Try it.
Restate every record word for word, without the pictures.

-=-=-=-=-

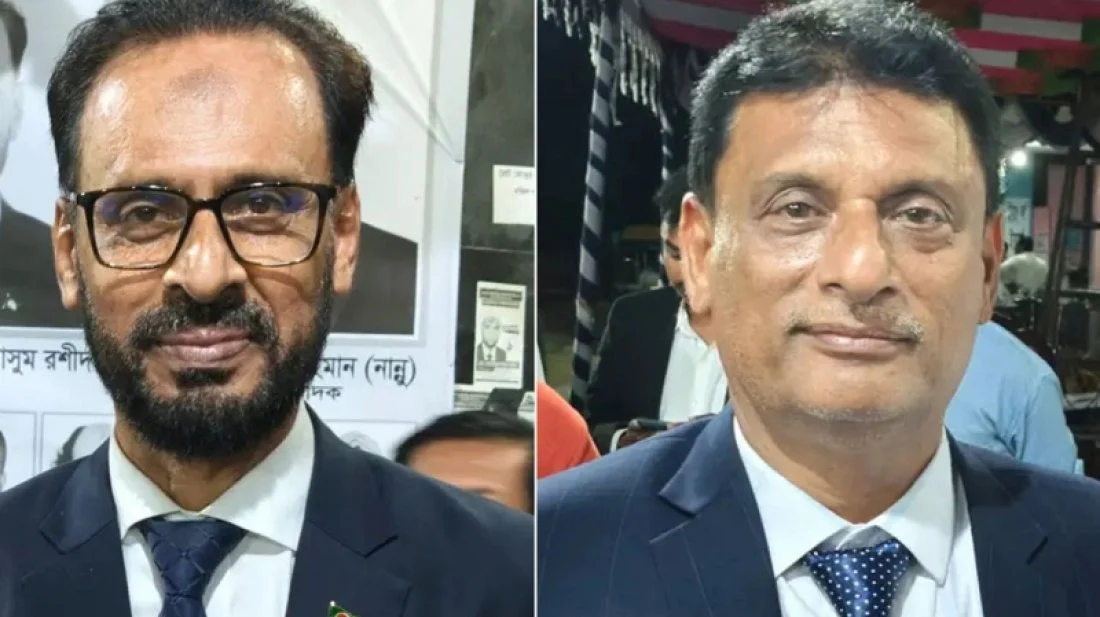 আইনজীবী সমিতির নির্বাচনে সকল পদে বিএনপিপন্থিরা জয়ী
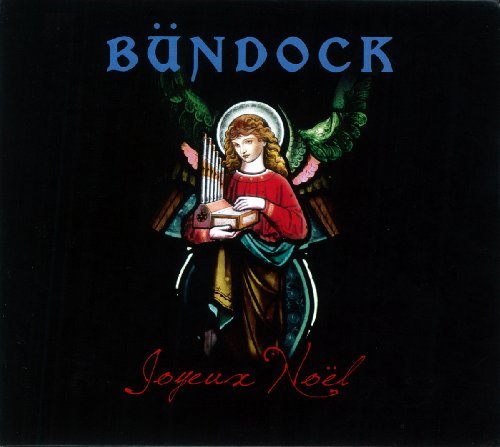 Bundock/Joeux Noel@Import-Can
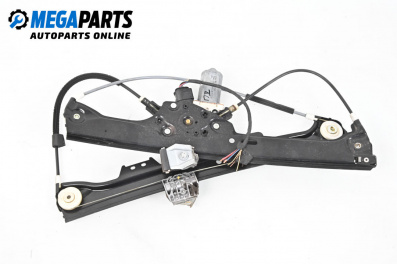 Electric window regulator for BMW 5 Series E60 Sedan E60 (07.2003 - 03.2010), 5 doors, sedan, position: front - right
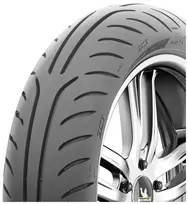 padanga 130 70 r13 - Michelin Power Pure SC 130/70-13 RF TL 63P Užpakalinis ratas, M/C - 2 nuotrauka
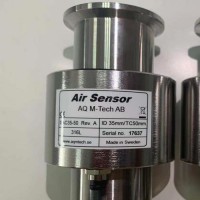 AQ空氣傳感器，316L（耐酸鋼）SAC4.5-25系列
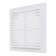 Ventilation ERA 1515 P, 150x150 mm, with a grid, detachable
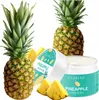 Claresa Nagelhautbutter Ananas, 13 g - Pflegendes Masełko Produktbild-Vorschau 8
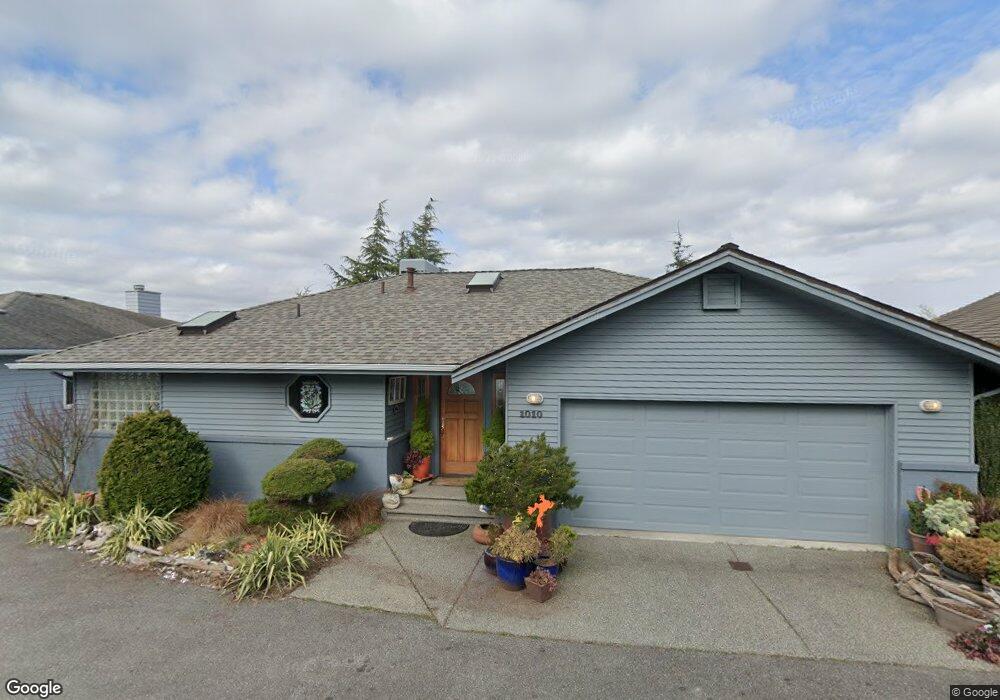 1010 1st Ln, Mukilteo, WA 98275 - photo 1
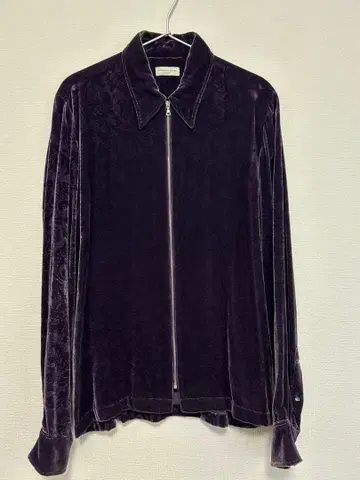 Dries van notten 트랙 저지 [가격 인하 불가]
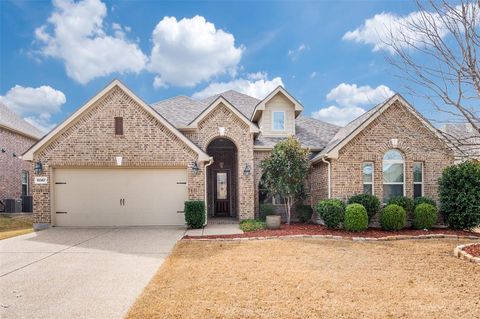 10357 Colgate Court Frisco TX 75035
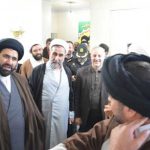 افتتاح دفتر اداره تبلیغات شهرستان پردیس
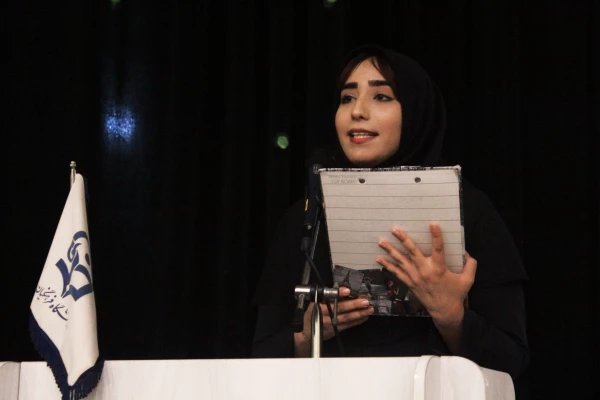 
در دانشگاه فرهنگیان استان بوشهر؛
شب نیمایوشیج برگزار شد 9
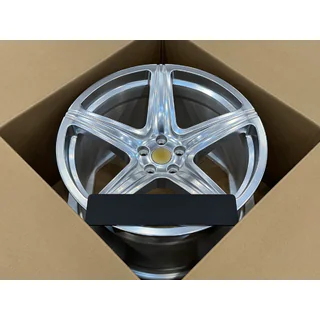 Gesmede OEM-velgen R20 V3 (4 stuks) foto 3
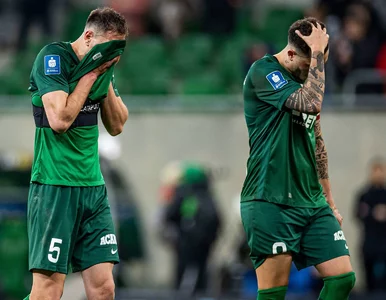 Miniatura: Były piłkarz Śląska Wrocław nie traci...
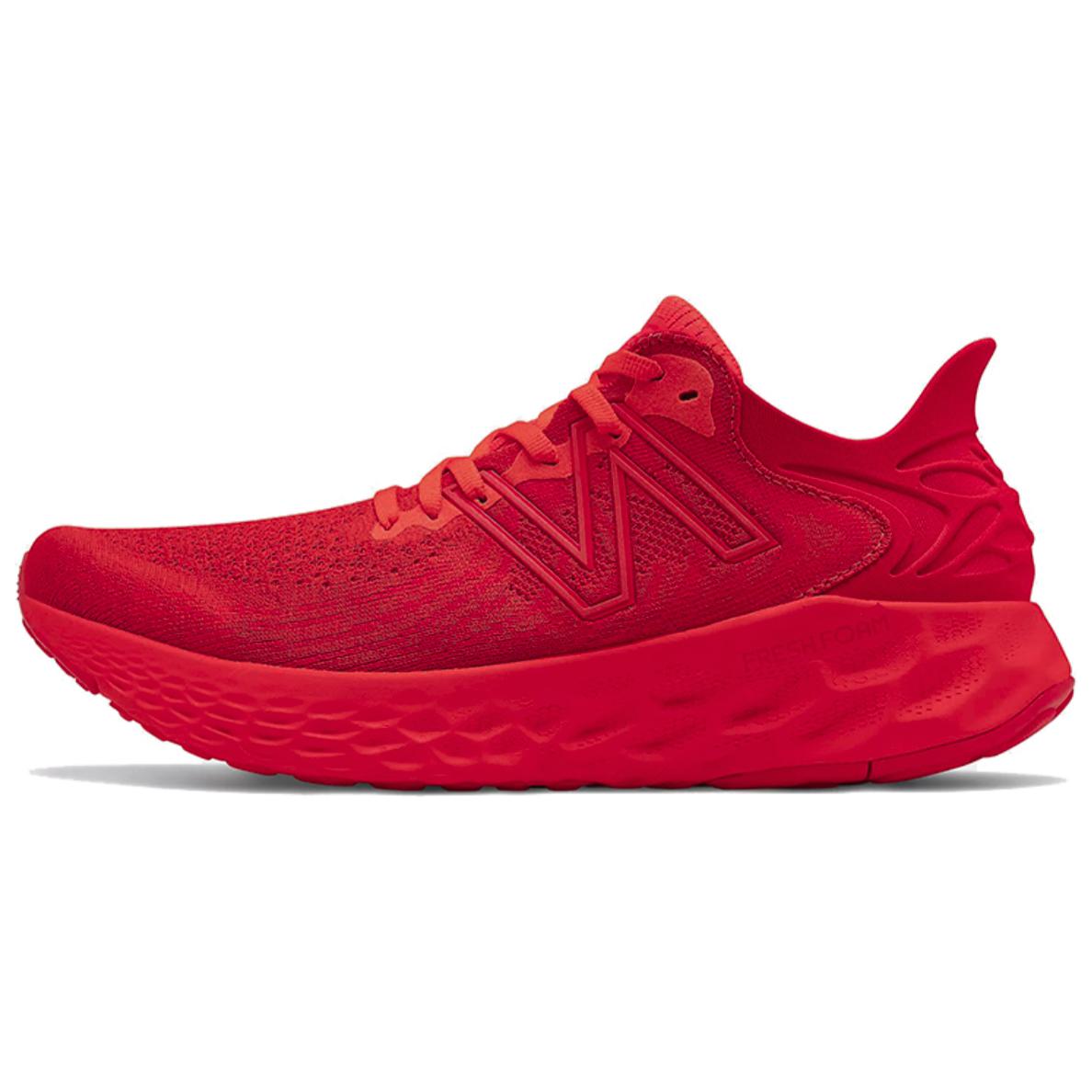 New Balance Fresh Foam 1080v11 'Ghost Pepper' M1080X11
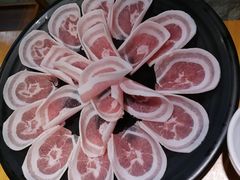 -唯成•韩国炭火烤肉 유성고기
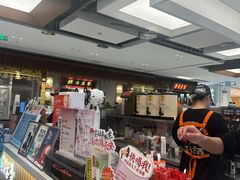 -茶话弄(北京五棵松万达店)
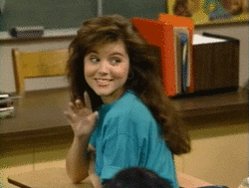 Happy birthday to my beautiful girlfriend Tiffani Thiessen  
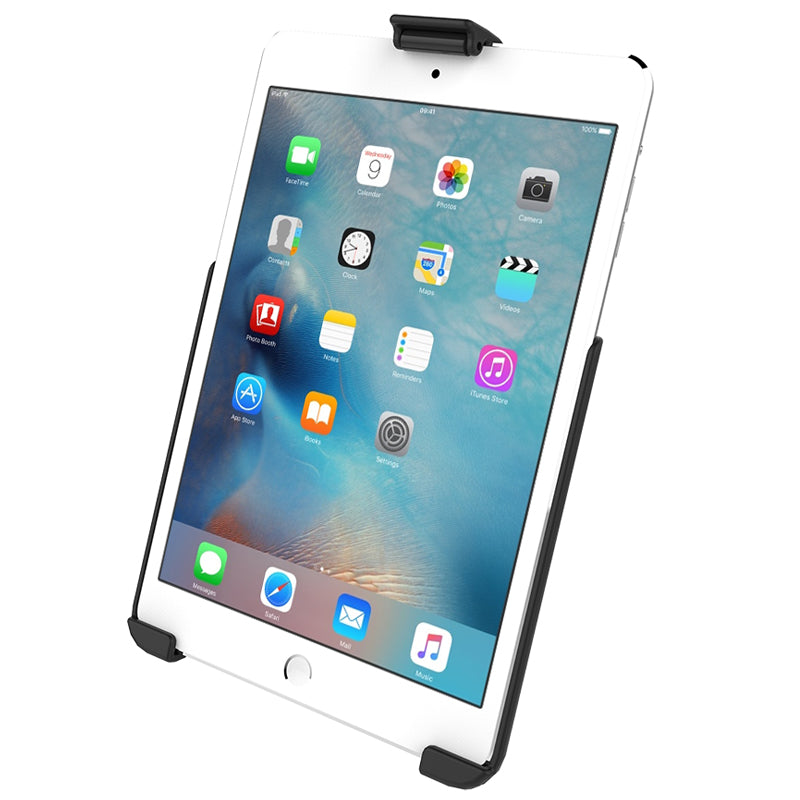 适用于Apple iPad mini 4和5的RAM® EZ-Roll ‘ r ™带球支架
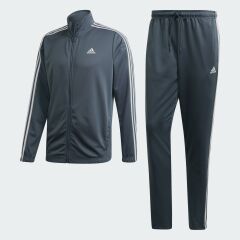 Adidas Athletics Tiro Tracksuit Erkek Mavi Eşofman Takımı FR7217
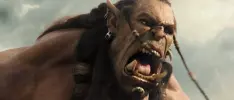 Así de genial se ve el primer spot para TV de la cinta de Warcraft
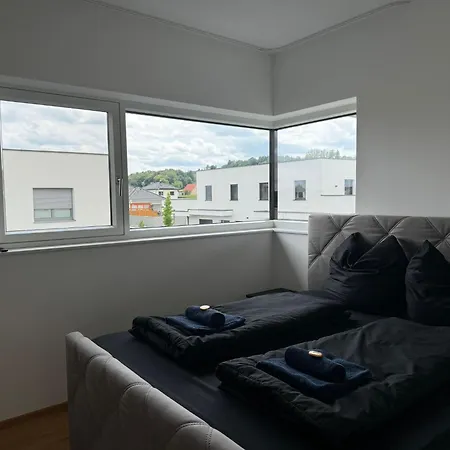 Luxus-villa In Idyllischer Lage Villa Muttendorf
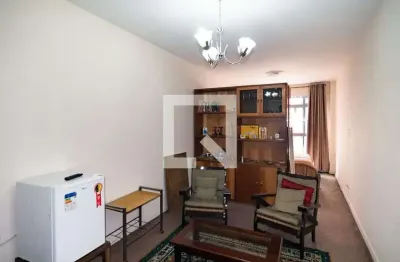 Apartamento para venda - consolação, 1 quarto,  39 m² - são paulo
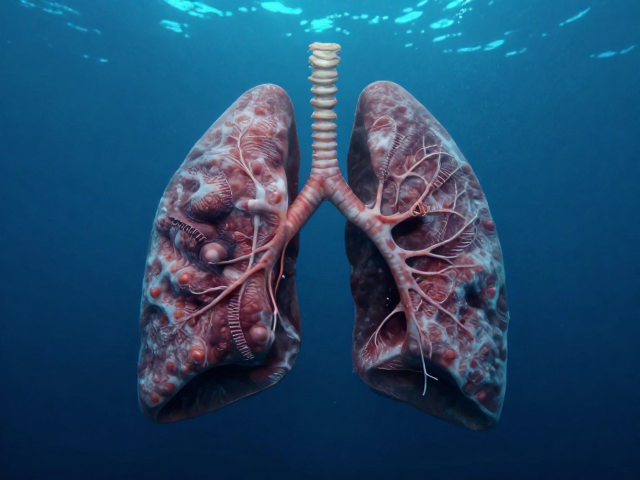肺呼吸无骨骼融合?揭秘外形奇特的深海生物特征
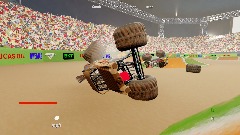 A screenshot taken in Dreams. 6 of 6.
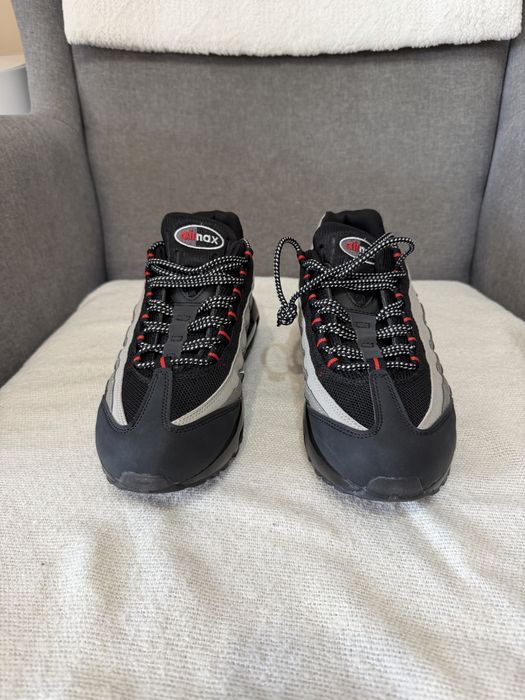 Nike air max 95TT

-=-=-=-=-

Response for this exercise.
 আইনজীবী সমিতির নির্বাচনে সকল পদে বিএনপিপন্থিরা জয়ী
 Bundock/Joeux Noel@Import-Can
 Electric window regulator for BMW 5 Series E60 Sedan E60 (07.2003 - 03.2010), 5 doors, sedan, position: front - right
 padanga 130 70 r13 - Michelin Power Pure SC 130/70-13 RF TL 63P Užpakalinis ratas, M/C - 2 nuotrauka
 AQ空氣傳感器，316L（耐酸鋼）SAC4.5-25系列
 Ventilation ERA 1515 P, 150x150 mm, with a grid, detachable
 Claresa Nagelhautbutter Ananas, 13 g - Pflegendes Masełko Produktbild-Vorschau 8
 1010 1st Ln, Mukilteo, WA 98275 - photo 1
 Dries van notten 트랙 저지 [가격 인하 불가]
 10357 Colgate Court Frisco TX 75035
 افتتاح دفتر اداره تبلیغات شهرستان پردیس
در دانشگاه فرهنگیان استان بوشهر؛
شب نیمایوشیج برگزار شد 9
 Gesmede OEM-velgen R20 V3 (4 stuks) foto 3
 Miniatura: Były piłkarz Śląska Wrocław nie traci...
 New Balance Fresh Foam 1080v11 'Ghost Pepper' M1080X11
 -唯成•韩国炭火烤肉 유성고기
 -茶话弄(北京五棵松万达店)
 Happy birthday to my beautiful girlfriend Tiffani Thiessen  
 适用于Apple iPad mini 4和5的RAM® EZ-Roll ‘ r ™带球支架
 Adidas Athletics Tiro Tracksuit Erkek Mavi Eşofman Takımı FR7217
 Así de genial se ve el primer spot para TV de la cinta de Warcraft
 Luxus-villa In Idyllischer Lage Villa Muttendorf
 Apartamento para venda - consolação, 1 quarto,  39 m² - são paulo
肺呼吸无骨骼融合?揭秘外形奇特的深海生物特征
 A screenshot taken in Dreams. 6 of 6.
 Nike air max 95TT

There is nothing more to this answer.